I am reminded of a scene in the sobering movie Saving Private Ryan. Early on, a group of soldiers who are tasked with finding James Ryan in Normandy indeed find a fellow by that name. Not realizing it’s the wrong one, they break the news that all his brothers died. This James Ryan, who had two young brothers in elementary school, asked how they died. In combat. When they realized their mistake and apologized for the confusion, the poor Ryan couldn’t shake the idea that his brothers back home might still have met an ill fate, not knowing exactly where the disconnect might lie. “But how do you know they’re okay?” “I’m sure they’re fine” didn’t mollify him. The guy was a wreck, and as a result could no longer enjoy the hellhole of a war he was in. Science likewise can work itself into an unproductive fit by not being able to prove something one way or another, and it will always be so. It needs to chillax.
This is why a healthy approach to living on this planet cannot place all—or I would say even most—of its eggs in the science basket. It simply won’t deliver all the answers (especially the most important ones), and impedes deeper appreciations and relationships.
Think of science as a powerful tool, like maybe a power saw. It can really take things apart. But it’s not always the right tool. Maybe it seldom is, in fact. We also don’t want to put it in the hands of children, or use it without first thinking carefully about the consequences and if there might in fact be more productive paths.
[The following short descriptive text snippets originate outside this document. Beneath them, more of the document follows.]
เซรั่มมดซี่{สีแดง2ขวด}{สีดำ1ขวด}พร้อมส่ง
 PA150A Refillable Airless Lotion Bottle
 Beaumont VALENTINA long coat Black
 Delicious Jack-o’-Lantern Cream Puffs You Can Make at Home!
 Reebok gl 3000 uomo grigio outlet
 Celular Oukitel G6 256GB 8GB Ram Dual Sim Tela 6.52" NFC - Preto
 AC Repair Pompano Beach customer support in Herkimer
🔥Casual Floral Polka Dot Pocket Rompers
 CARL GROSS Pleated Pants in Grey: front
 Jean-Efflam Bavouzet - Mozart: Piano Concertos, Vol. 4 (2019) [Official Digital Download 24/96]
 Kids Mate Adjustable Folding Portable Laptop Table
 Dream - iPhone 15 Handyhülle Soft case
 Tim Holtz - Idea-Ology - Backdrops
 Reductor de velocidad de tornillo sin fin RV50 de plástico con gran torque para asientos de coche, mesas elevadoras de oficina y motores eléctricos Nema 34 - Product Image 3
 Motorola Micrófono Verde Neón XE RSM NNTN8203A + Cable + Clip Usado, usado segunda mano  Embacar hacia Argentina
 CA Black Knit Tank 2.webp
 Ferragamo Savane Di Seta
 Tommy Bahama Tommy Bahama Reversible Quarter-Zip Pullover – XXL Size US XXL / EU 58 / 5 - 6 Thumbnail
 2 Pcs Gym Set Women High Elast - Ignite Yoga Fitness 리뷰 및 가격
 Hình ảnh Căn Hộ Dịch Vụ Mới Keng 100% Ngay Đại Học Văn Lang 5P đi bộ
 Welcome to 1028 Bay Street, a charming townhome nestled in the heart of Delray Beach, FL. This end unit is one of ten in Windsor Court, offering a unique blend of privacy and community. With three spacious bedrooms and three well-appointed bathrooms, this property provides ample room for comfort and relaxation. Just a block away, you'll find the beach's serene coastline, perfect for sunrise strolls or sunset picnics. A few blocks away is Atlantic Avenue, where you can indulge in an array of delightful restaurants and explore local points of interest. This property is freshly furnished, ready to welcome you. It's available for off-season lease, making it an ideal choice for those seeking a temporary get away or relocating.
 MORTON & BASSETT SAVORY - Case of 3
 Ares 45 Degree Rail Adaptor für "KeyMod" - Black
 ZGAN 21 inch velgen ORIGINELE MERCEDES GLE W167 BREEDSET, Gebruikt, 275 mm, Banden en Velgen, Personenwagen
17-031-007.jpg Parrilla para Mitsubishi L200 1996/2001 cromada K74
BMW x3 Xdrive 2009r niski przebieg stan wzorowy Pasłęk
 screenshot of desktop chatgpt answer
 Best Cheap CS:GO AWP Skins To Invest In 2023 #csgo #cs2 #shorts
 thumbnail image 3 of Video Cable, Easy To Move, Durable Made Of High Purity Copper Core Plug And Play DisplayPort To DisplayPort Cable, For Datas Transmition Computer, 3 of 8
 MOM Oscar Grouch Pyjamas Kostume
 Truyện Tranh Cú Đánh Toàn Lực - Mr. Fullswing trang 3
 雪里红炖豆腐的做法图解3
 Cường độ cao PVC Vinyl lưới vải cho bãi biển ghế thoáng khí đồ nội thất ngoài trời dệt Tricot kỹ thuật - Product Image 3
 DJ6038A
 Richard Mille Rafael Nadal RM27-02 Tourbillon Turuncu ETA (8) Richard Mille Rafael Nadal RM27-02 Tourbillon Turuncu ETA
Before picking up the science tool, we would do well to first ask: to what end? What would it get us? Why would the knowledge be desirable? Would the community of life, as a whole, likely benefit or suffer from this knowledge? Is it satisfying idle curiosity, mindlessly advancing capabilities, or does it move something good for all life (vs. just humans at unaffordable ecological cost)? Other plants and animals are not subject to this same burden, but then they are not practitioners of “fast” science. They observe more patiently, and root their reactions in a a deeper context.
I would recommend that we relax rigorous rigidity and put more stock in operationally productive stories: stories that move something good. Who cares if science can’t validate the stories? Science has its limits, dude. Let’s not get paralyzed by pedantry. The good stuff awaits, if we can let go of the shiny trinket in the “monkey trap” (I cringe to use the speciesist term).
[Note: I owe much of this awareness to recently reading Iain McGilchrist’s The Master and His Emissary.]